Matt_King: Imagine we have a test plan for "aria-details" or "aria-errormessage". The directory could just be named according to the name of the property
Matt_King: I'm not sure what to do for ARIA roles because it could become confusing when an element and property have the same name
Matt_King: Someone might see a directory like "aria-button" and get confused, thinking that there is a property named "aria-button"
Matt_King: One approach is that we could put "apg-" as a prefix to the directories that originated from the APG
Matt_King: The plan is to have a lot more test plans in the repository which come from different places
Matt_King: In this issue, I list some of the downstream impact of changing directory names
ChrisCuellar: I think that captures it accurately!
Matt_King: Would prepending all the APG tests with "apg-" be a good approach?
mfairchild: It sounds fine to me, but is there a reason we couldn't use sub-folders?

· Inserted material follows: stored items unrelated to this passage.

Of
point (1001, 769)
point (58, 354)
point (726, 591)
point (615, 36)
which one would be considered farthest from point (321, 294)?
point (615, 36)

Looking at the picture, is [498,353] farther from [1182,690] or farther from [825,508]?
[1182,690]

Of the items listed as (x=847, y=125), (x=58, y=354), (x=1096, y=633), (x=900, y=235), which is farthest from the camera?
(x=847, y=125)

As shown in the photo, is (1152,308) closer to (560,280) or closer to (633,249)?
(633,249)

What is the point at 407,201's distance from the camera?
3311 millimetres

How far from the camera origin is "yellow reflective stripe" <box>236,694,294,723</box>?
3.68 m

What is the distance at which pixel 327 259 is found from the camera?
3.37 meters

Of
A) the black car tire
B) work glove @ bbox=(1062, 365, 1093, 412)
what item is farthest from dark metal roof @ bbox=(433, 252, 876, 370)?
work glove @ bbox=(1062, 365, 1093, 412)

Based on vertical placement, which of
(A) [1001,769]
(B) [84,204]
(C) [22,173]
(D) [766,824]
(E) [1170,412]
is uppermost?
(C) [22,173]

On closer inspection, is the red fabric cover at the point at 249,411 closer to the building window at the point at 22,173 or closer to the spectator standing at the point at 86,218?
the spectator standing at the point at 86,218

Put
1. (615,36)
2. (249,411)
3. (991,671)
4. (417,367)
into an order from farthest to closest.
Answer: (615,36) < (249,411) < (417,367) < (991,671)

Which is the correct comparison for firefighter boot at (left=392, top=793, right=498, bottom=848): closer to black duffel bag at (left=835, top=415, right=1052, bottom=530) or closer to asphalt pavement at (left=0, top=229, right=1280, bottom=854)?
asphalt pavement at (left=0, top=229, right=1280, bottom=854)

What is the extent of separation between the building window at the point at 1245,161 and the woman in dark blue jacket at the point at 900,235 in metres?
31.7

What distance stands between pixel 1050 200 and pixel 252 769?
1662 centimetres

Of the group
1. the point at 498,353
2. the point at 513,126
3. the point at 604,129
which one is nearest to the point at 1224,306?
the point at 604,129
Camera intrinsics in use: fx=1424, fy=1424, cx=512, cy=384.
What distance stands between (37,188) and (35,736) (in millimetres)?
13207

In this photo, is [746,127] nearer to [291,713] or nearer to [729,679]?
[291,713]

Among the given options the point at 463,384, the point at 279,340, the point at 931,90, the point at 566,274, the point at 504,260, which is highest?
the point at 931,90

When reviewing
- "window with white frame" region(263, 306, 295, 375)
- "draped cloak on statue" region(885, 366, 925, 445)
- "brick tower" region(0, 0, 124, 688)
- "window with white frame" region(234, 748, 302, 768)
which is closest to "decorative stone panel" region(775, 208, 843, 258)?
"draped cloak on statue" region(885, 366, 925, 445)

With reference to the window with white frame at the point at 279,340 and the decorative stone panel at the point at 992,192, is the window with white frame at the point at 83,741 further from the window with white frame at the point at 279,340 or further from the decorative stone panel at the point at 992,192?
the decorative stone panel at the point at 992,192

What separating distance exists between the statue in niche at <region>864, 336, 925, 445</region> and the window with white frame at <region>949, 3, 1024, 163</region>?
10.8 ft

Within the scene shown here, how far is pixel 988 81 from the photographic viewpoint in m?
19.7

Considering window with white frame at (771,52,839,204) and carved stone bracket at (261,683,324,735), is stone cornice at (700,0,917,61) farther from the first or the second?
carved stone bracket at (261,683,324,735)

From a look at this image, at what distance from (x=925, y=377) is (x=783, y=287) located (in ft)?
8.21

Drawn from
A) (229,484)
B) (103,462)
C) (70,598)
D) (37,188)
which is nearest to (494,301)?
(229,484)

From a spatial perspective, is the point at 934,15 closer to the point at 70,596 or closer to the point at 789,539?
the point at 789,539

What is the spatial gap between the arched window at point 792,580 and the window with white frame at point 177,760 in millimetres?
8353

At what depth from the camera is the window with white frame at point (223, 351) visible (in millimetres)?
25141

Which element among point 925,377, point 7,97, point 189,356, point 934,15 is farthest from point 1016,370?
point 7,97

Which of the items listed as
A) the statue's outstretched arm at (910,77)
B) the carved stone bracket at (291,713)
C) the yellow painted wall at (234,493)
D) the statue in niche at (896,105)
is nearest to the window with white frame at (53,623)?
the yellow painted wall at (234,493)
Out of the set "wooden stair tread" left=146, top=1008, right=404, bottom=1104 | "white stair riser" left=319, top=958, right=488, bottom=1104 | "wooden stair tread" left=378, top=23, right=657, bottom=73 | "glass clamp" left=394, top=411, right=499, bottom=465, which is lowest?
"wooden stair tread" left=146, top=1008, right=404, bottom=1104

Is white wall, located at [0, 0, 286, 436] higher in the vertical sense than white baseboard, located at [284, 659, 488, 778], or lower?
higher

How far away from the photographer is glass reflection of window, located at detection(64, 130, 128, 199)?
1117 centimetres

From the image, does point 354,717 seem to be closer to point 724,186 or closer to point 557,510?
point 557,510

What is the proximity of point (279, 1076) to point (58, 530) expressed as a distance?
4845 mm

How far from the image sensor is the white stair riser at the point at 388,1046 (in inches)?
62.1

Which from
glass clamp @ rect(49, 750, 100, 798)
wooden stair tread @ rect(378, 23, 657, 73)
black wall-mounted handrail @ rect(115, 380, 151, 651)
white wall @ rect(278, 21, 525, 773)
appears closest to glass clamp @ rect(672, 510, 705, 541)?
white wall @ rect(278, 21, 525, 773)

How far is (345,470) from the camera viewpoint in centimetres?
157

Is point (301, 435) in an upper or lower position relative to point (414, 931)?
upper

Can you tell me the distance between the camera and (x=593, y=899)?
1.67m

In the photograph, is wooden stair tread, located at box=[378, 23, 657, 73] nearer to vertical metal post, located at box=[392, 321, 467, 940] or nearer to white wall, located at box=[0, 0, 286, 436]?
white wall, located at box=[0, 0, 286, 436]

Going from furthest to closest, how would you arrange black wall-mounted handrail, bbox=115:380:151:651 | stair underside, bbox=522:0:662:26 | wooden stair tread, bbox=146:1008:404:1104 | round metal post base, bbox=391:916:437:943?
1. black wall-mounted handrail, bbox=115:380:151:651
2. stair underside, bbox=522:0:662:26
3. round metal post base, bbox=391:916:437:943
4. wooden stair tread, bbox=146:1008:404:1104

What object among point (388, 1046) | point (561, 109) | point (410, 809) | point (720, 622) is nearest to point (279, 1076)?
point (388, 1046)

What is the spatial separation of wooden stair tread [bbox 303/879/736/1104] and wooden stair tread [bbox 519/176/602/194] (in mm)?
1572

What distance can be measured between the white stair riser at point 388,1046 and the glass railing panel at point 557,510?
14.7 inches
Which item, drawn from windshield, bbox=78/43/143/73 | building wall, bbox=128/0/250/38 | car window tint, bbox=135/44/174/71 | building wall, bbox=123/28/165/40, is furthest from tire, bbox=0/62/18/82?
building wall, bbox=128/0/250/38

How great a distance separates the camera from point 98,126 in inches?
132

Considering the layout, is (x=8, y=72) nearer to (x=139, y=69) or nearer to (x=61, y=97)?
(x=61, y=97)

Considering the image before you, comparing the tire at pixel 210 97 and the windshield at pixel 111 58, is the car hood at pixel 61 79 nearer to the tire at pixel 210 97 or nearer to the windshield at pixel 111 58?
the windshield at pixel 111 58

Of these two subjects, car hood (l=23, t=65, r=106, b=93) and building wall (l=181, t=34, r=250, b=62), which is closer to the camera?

Matt_King: I would love to do that. It adds other kinds of complexity, but I don't know if it's more or less complex
Matt_King: The biggest problem would be that we would have to decide ahead of time what all of the "sources" are, and the code in the system would have to account for that... Or I guess, maybe under the "test" directory, the system just sweeps all sub-folders.
ChrisCuellar: I'm thinking about precedence in the Web Platform Tests project, which makes heavy use of hierarchical directory structure
ChrisCuellar: There's no way to anticipate future entries, just due to the nature of the web platform. And I think building to support that open-endedness makes sense
Matt_King: Did anyone have pushback against the idea of a "screen-reader" folder?
jugglinmike: I think having a directory structure by AT doesn't give us much flexibility, since we might be replicating tests across different AT folders. We might also run into version parity issues. Namespacing by AT seems not ideal.
Matt_King: Maybe that's not necessarily a knock on subdirectories but more about how we work with different AT's, which is a future-looking question. But the general question of subdirectories is still open I think if we segment by things like ARIA, HTML-AAM, APG, etc.
ChrisCuellar: I think subdirectory structure according to the type of feature under test makes sense. Unlike segmenting by AT, segmenting by feature will probably not involve test plans replicated across subdirectories
Matt_King: Oh yes, for sure
jugglinmike: But there's not a one-to-one mapping of test to feature, tho.
Matt_King: But the subdirectory structure could be reflect the scope of the test at least. It tells us the focus of the test even if it's not exactly testing one feature.
… I think we have the same issues in WPT. Look at how accessibility is tested broadly across WPT.
jugglinmike: Bocoup is currently engaged in this problem with WPT specifically. We're trying to classify tests by web feature. It's a pretty complex problem.
Matt_King: Accessibility bugs are rarely traceable back to isolated features. Bugs are often contextual.
Matt_King: I would prefer subdirectories--it seems more in-line with what other repositories do, and it is generally easier for humans to parse. It's also harder to get wrong (especially since naming involves typing strings, but if a subdirectory already exists, then there is less of a hazard)
howard-e: It's a similar level-of-effort whether we use sub-directories or directory name prefixes
Matt_King: Based on what we've learned from the reference work so far is that we would have three sub-directories: html, aria, and apg
Matt_King: Okay, this is really helpful. In terms of making a plan for this issue, do you think we're better-positioned, now?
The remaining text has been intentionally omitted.